Eric Woodruff raises a concern that “several surveys show that lack of capital remains the primary barrier to approving energy management projects. Even if a project has a 50% Return on Investment (or approximately a 2 year simple payback period), there is no “return” if a company cannot make the initial investment.”
The problem as he sees it is that:
- many professionals are not aware, or do not have the skills, to effectively navigate their financing option
- industry lacks competent professionals who can package deals in a way that is attractive to investors
- professionals must understand their options to fund an energy project
Woodruff discusses the two common methods for funding,Traditional Financing & Performance Contracting and then summarizes 4 new options that may help address the problems he has identified above. Despite these newer options Woodruff states that facilities managers need to know where to look and how to leverage the information. Additionally, he emphasis education and training in performance contracting and finance.

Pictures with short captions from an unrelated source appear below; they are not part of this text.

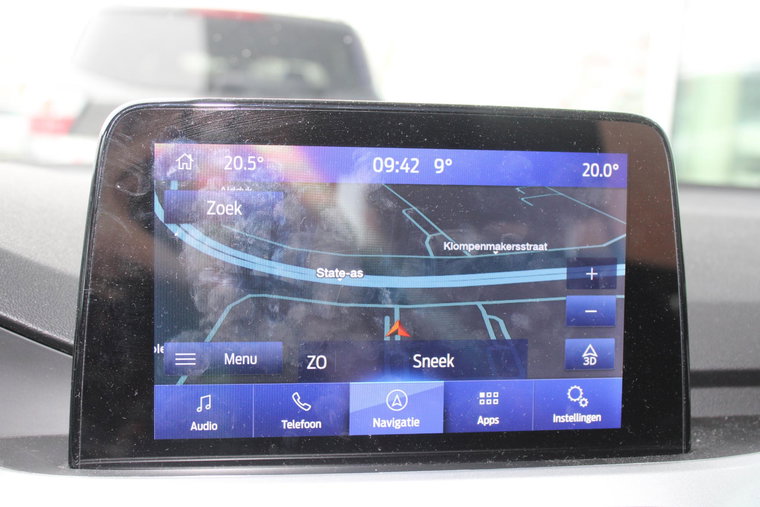 Vehicle Image 18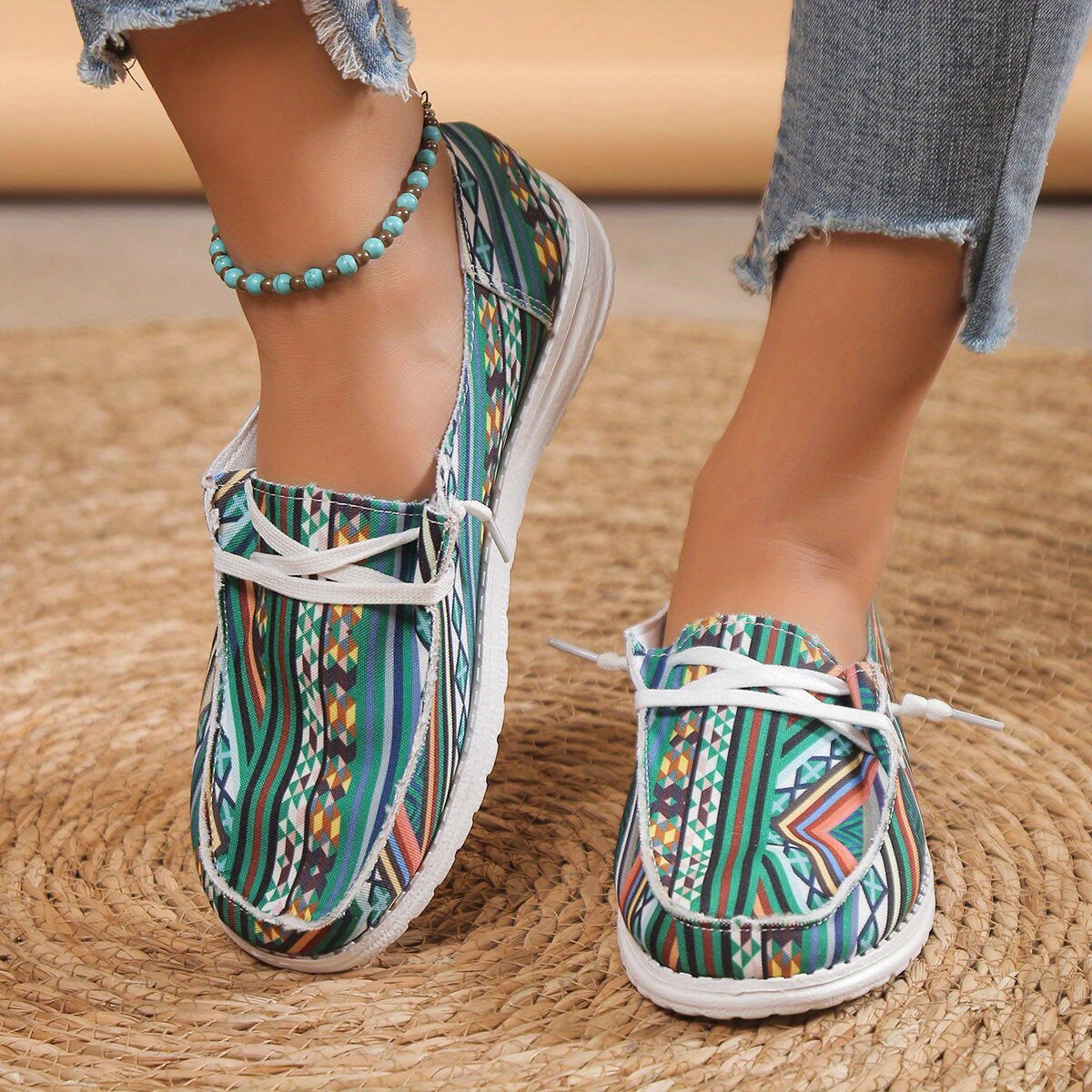 Women's Geometric Pattern Flat Sneakers Low Top Loafers Canvas Shoes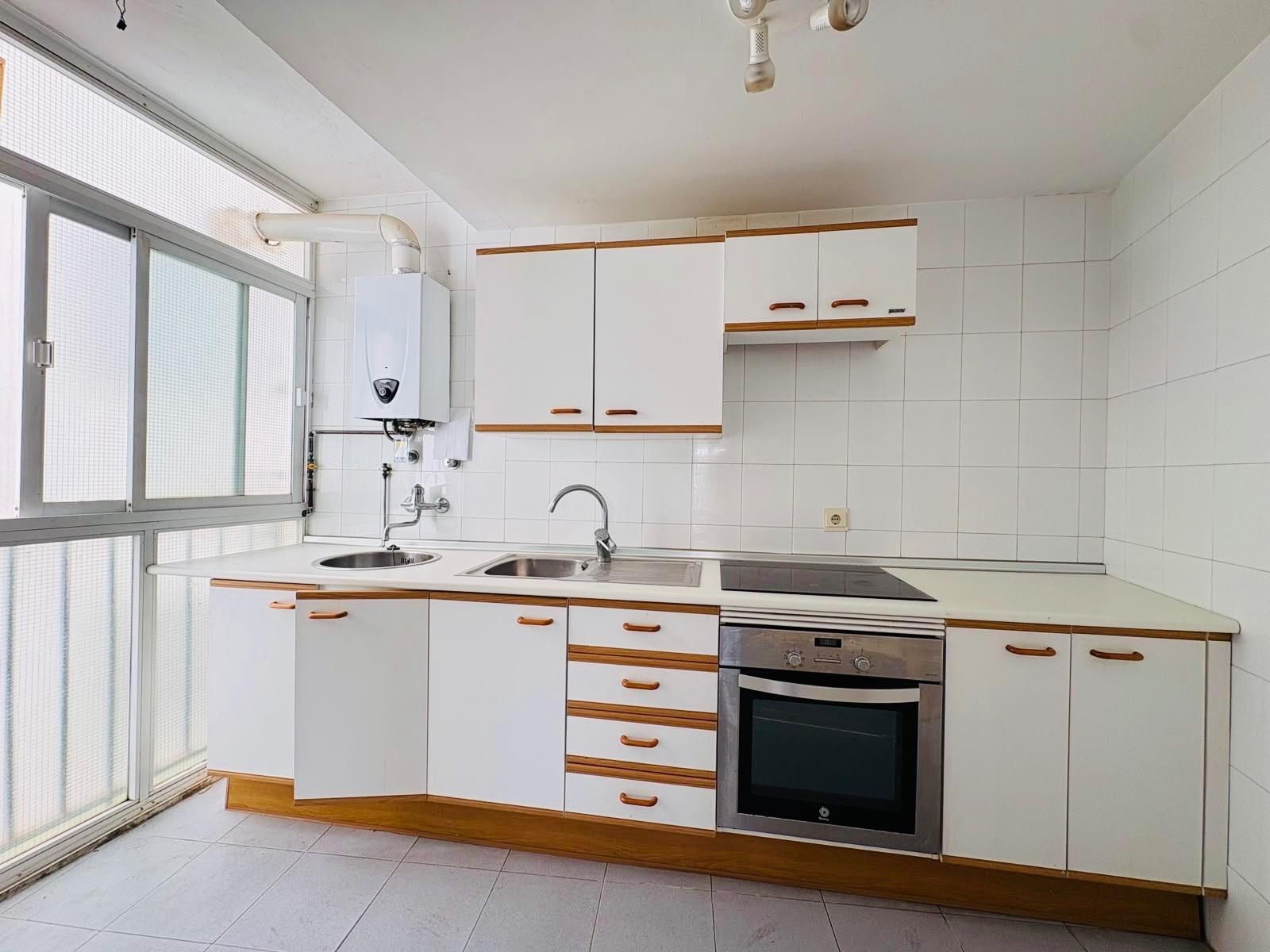 EXCLUSIVO PISO EN EL CENTRO DE MARBELLA A SOLO 700 METROS DE - foto 4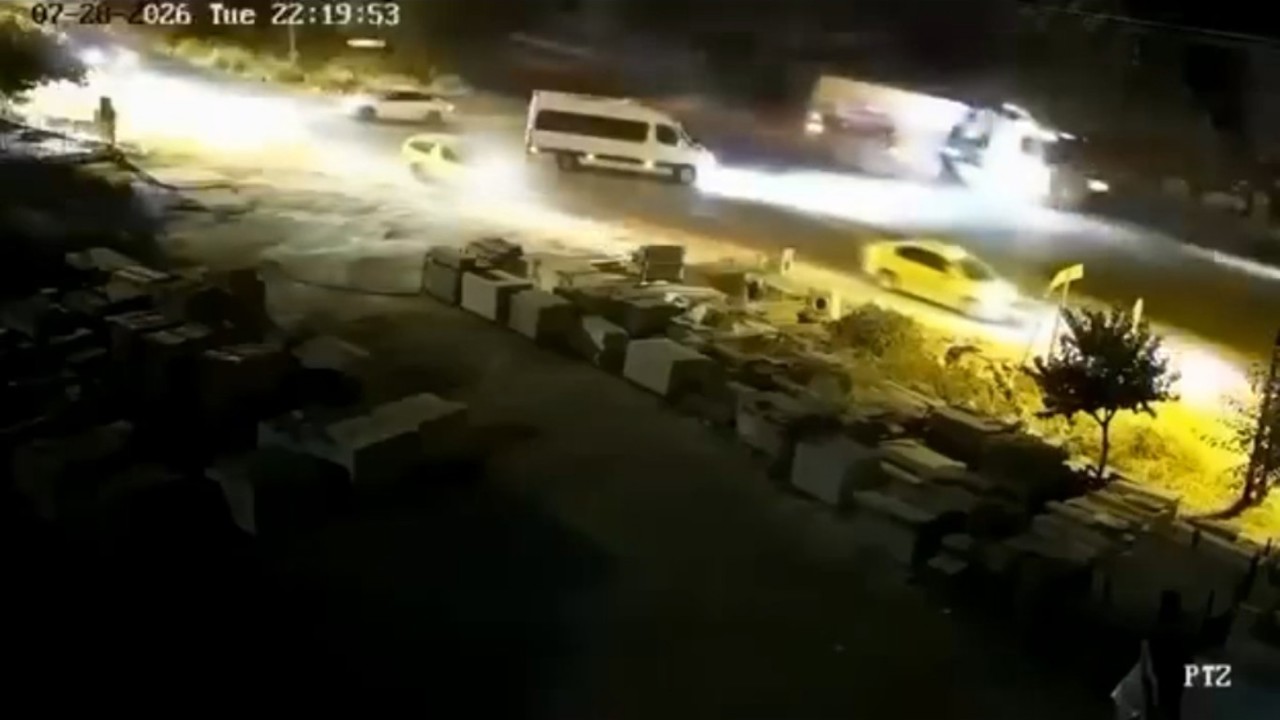 Mardin'de 3 kişinin hayatını kaybettiği kazanın güvenlik kamerası ortaya çıktı
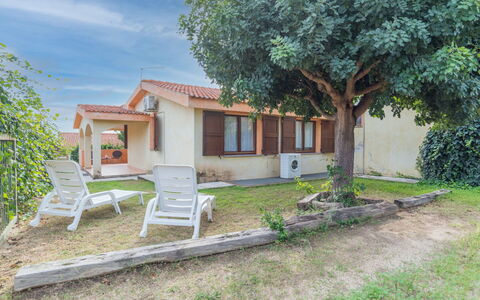 Case Stelle Marine (Rei217): Plant, Property, Sky, Building, Cloud, Window, Land Lot, Tree, Cottage, Wood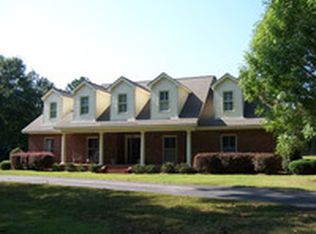 43 Deepwoods Cir, Valley Grande, AL 36701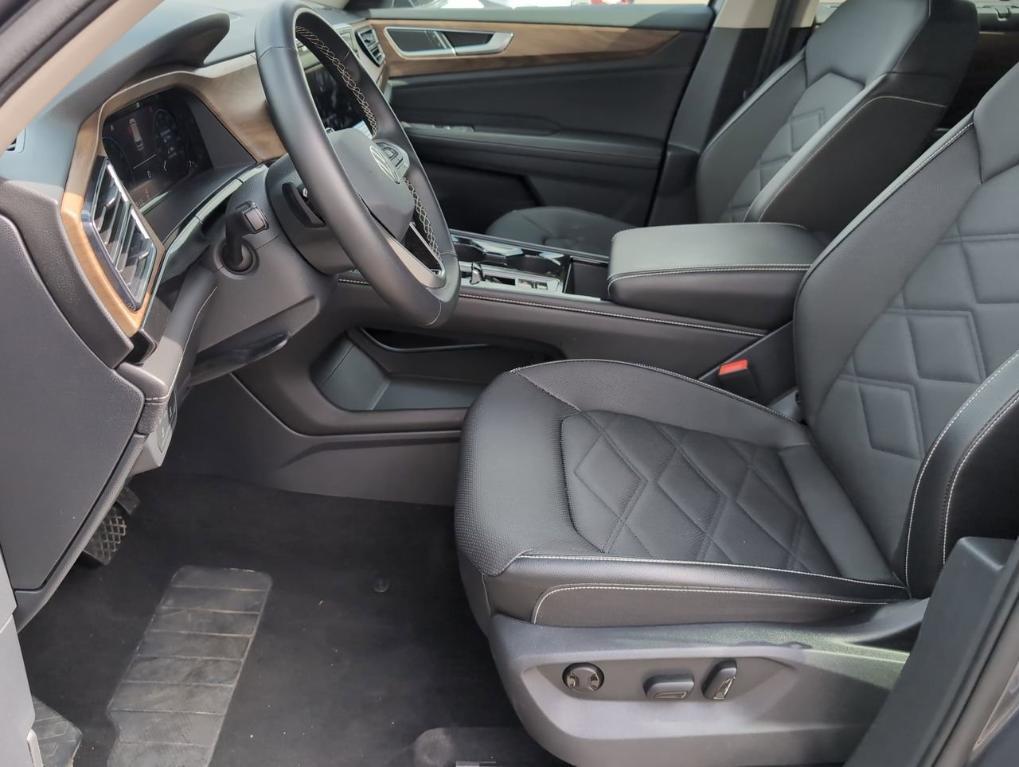used 2025 Volkswagen Atlas car, priced at $34,788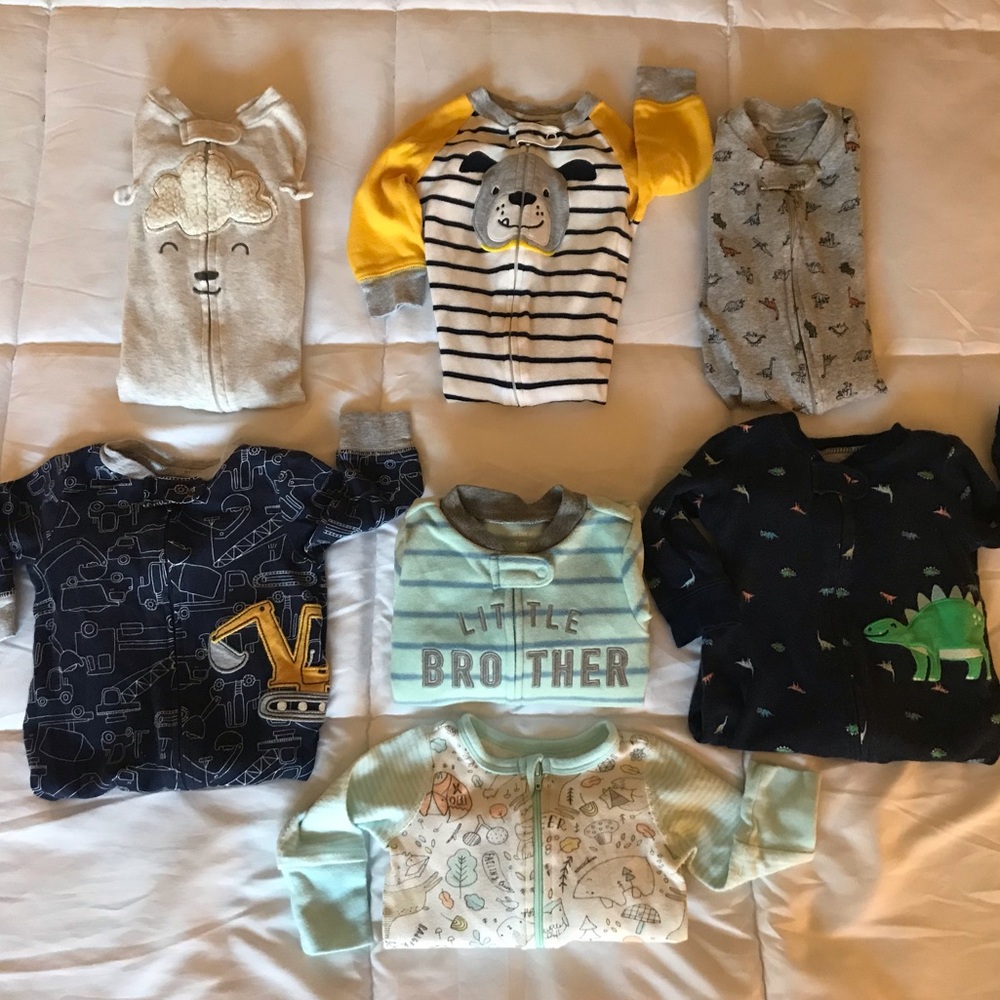 7 PACK ZIP-UP FOOTED PAJAMAS BOYS SIZE 6 MONTHS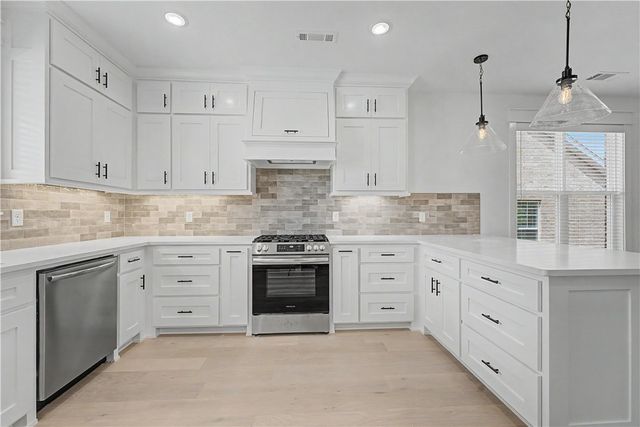6605 Crabapple Street, Bentonville, AR 72712
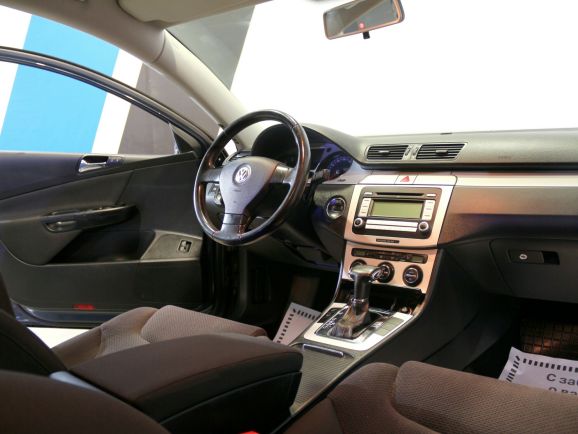 Volkswagen Passat, 1.8 л, Робот, 2009 фото 2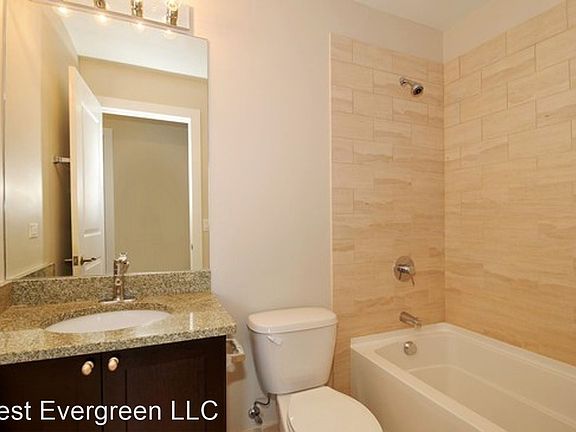 3rd image of 2147 W Evergreen Ave Unit 202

Two Financing Schemes in the news lately are:
- Noesis Shared Savings Agreement (SSA)
“The SSA allows the customer to pay a variable payment based upon the actual amount of avoided energy measured. The concept is similar to solar net-metering where customers are paid for the actual amount of energy they contribute back to the grid.” Read More.
“works with vendors of energy efficiency services, providing them with funds. They, in turn, loan the money to the end-user businesses.” Read More.
Could either of these programs help NYC buildings implement energy savings measures identified during LL87?
ACEEE released a “more detailed report that profiles successful, integrated efficiency lending programs, highlights perspectives on increasing lender participation, and explores substantive barriers to growing the market to its full potential”.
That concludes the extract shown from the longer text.